My original, gray-label Stiff pressing is meaty, big and bouncy, with all the intent and energy that the music demands. But despite Herr Seemann’s reservations, it can’t hold a candle to the reissue. The Speakers Corner pressing demands a significant readjustment of VTA (more than one complete revolution of the JMW tower), but once you get things optimized the comparison becomes strictly no contest. The instrumental separation, space and delicacy, harmonic resolution and vocal inflections are all significantly improved. But it’s the solidity and drive that really impress. The extra dynamic range and definition really carve out the edges on the rhythm, from the funky, grinding bass line of "Wake Up And Make Love To Me" to the halting two-step of "Partial To Your Abracadabra." This is a tight band and the internal communication is that much more obvious on the 180-gram disc. Just listen to the guitar breaks on "Partial. . . ," the way they lock into and chime against the accents and underpinning supplied by the rhythm section. The same is true of the sax solo on "My Old Man," soaring and meandering over, but never losing touch with Norman Watt-Roy’s rock-solid walking bass. When Jankel drops in some jazz-guitar doodles, nothing could seem more natural.

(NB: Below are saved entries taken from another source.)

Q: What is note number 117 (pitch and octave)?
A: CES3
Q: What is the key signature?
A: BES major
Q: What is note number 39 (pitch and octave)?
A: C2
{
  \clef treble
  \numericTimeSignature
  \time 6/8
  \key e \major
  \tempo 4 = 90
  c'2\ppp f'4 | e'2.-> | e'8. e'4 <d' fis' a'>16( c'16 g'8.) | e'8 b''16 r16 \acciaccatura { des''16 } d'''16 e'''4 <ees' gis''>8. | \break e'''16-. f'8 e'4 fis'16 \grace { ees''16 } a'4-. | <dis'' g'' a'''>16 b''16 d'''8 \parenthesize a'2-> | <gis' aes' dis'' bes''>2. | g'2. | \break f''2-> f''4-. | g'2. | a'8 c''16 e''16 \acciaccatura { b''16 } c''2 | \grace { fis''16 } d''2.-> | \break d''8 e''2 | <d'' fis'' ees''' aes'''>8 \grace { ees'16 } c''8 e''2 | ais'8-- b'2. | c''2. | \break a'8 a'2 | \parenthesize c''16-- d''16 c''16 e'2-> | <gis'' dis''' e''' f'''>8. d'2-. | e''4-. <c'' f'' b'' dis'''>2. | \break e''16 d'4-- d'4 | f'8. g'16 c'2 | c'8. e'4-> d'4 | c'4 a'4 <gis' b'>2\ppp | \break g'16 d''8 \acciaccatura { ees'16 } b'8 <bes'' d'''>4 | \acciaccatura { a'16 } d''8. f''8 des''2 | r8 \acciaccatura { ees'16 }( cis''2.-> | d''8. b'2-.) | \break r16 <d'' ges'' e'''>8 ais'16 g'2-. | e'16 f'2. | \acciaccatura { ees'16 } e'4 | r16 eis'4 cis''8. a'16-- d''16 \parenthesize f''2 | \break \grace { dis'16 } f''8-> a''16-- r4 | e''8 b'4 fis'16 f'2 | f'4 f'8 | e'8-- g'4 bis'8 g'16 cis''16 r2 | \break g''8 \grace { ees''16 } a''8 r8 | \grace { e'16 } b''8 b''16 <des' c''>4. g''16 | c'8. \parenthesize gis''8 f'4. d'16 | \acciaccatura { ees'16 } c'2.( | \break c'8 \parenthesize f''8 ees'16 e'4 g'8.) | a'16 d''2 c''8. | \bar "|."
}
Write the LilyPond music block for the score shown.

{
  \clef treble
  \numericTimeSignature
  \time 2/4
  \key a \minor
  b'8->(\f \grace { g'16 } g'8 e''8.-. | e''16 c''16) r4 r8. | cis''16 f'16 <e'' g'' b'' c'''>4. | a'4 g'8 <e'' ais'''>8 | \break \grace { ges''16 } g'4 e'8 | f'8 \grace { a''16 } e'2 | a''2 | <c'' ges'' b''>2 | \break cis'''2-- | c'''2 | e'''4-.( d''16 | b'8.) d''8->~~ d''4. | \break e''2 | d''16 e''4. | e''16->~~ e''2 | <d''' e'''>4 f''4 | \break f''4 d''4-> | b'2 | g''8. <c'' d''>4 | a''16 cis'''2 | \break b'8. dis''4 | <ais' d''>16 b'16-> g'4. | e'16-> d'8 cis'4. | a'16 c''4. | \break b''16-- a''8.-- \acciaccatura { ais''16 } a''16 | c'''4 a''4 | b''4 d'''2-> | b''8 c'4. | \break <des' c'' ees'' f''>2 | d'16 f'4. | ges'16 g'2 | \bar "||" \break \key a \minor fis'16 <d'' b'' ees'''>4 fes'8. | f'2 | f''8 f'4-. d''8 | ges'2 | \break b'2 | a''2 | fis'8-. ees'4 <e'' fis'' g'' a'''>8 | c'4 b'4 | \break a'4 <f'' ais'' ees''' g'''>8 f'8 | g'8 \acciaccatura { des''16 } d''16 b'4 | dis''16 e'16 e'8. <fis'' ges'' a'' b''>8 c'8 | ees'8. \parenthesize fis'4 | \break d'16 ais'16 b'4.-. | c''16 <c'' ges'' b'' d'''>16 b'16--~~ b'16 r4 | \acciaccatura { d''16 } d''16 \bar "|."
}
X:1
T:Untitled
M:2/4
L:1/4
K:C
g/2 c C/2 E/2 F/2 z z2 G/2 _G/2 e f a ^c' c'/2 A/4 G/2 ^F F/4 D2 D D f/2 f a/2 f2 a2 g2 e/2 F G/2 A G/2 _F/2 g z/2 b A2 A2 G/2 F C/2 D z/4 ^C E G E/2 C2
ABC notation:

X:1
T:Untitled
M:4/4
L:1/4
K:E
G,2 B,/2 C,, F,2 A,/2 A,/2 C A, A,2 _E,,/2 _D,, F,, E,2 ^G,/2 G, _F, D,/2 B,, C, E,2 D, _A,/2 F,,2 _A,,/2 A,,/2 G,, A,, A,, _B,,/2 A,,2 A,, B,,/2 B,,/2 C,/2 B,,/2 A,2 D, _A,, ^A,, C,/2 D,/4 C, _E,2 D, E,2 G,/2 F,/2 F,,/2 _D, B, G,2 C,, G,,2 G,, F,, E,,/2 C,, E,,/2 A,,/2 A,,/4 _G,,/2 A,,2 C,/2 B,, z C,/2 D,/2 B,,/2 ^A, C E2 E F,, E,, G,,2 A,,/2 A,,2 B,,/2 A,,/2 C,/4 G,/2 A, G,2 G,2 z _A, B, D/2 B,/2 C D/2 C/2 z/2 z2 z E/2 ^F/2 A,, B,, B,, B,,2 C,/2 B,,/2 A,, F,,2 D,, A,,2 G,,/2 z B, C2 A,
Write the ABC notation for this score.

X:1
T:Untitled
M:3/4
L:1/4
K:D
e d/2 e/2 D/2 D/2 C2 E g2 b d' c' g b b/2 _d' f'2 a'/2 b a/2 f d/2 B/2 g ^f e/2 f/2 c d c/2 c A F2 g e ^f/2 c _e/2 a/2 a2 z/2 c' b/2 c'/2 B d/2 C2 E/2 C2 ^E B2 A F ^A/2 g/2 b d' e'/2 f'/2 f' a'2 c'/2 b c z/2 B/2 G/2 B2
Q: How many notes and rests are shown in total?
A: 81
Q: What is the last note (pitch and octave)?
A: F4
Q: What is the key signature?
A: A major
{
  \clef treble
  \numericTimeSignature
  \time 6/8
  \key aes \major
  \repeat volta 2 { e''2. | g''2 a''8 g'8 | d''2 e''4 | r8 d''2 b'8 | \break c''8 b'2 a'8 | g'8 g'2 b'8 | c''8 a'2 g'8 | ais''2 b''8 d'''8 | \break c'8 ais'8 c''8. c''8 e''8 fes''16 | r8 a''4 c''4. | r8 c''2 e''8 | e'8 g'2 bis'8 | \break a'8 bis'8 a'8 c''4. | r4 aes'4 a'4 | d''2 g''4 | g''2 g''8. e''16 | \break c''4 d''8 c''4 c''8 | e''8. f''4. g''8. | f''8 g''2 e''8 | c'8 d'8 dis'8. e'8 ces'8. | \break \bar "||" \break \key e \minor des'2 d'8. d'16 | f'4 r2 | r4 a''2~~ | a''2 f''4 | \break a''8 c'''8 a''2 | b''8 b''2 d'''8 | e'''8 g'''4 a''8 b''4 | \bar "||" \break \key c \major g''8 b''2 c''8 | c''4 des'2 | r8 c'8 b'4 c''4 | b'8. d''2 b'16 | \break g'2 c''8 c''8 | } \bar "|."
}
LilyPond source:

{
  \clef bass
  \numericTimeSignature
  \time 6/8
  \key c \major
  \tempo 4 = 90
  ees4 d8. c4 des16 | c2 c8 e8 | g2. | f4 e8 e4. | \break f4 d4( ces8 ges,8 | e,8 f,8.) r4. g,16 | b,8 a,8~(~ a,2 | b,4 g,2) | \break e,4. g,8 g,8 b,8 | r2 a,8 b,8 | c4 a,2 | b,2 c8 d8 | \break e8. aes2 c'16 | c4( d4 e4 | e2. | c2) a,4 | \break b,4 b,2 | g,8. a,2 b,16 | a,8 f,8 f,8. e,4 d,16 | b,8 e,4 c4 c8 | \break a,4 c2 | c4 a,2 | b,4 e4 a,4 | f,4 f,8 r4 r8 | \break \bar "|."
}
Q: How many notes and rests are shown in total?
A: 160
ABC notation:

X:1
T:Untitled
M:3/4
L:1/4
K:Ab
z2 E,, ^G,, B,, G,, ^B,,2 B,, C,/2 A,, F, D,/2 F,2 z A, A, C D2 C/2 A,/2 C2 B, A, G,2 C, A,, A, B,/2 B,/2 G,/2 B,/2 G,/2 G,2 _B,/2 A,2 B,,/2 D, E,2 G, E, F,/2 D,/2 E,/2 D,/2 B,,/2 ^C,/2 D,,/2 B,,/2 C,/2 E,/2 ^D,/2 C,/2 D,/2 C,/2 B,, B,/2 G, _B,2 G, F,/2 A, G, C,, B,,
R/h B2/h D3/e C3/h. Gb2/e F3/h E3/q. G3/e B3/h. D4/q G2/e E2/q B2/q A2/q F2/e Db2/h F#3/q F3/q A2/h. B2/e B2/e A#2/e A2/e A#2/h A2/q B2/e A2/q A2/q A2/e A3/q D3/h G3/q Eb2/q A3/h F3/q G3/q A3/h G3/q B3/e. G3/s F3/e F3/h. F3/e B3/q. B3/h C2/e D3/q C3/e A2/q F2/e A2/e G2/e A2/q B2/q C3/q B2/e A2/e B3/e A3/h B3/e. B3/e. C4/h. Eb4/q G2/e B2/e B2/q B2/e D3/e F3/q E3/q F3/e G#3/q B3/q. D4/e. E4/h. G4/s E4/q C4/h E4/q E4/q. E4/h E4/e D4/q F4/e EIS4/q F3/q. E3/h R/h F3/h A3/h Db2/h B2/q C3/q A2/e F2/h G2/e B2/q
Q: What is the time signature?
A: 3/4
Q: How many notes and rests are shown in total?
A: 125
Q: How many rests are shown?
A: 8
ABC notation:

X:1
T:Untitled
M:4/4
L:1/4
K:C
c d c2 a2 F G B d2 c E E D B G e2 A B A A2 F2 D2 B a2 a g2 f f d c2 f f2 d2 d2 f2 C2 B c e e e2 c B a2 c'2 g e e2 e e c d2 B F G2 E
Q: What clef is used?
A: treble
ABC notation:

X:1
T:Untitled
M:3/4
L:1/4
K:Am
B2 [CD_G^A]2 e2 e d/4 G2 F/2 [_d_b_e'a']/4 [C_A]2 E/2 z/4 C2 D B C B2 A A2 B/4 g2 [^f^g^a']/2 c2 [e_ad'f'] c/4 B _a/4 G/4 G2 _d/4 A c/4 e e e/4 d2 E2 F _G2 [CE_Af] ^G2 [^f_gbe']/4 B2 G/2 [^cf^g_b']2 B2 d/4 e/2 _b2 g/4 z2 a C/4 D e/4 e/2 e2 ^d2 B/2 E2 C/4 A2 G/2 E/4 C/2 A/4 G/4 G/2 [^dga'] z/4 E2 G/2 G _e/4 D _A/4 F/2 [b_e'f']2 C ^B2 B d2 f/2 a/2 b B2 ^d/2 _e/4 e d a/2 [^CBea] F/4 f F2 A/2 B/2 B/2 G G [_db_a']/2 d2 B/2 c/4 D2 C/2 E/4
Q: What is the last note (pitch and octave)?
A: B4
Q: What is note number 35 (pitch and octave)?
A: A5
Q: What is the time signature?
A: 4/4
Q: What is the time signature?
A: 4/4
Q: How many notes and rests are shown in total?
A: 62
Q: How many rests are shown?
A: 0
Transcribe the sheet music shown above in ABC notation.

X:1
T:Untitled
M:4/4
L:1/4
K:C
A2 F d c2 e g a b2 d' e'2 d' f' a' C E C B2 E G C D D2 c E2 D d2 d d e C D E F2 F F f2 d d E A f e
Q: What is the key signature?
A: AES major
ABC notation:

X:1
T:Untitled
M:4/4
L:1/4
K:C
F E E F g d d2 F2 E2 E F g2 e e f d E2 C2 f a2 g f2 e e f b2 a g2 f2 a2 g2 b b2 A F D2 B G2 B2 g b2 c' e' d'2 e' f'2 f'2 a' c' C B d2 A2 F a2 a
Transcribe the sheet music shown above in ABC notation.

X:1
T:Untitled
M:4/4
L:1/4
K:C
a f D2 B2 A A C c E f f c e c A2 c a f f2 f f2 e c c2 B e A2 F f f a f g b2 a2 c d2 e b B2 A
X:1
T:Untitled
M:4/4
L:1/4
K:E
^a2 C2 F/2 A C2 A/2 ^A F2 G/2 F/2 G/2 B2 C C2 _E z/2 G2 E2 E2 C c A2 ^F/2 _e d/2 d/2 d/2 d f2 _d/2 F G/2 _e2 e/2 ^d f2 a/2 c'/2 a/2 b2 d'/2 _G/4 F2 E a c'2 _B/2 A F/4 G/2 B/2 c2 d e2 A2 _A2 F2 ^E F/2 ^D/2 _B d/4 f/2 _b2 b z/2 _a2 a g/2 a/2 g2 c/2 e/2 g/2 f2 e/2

But at the end of the day, it’s all about the voice, and the reissue simply delivers a more natural, more characterful and more credible vocal. The sheer range of Dury’s accents, his edges, his sneers and his transitions, from half spoken to sweetly sung to raspingly course, all pass fluidly and completely naturally, adding to the dramatic contrast and humor of the songs. This is singing with attitude, and the Speakers Corner LP delivers it intact and in your lap, just like it should be -- up close and (uncomfortably) personal.

In some respects this could be considered a brave choice for an audiophile label. In others it’s a no-brainer. Speakers Corner is much more a music label than an audiophile label. That they also produce consistently excellent-sounding records is just a bonus. New Boots was long overdue a reissue, and kudos to Kai Seemann and Speakers Corner for not just delivering but doing so in such spectacular fashion. Dury may never have scaled these dizzy heights again -- at least not across a complete album -- but his considerable best just got a whole lot better. I can’t recommend this album highly enough (as many who know me will testify), but even if you decide it’s not for you, it’s still worth keeping around. Anything that can clear undesirables from a showroom as quickly as this is cast iron guaranteed to work on the in-laws!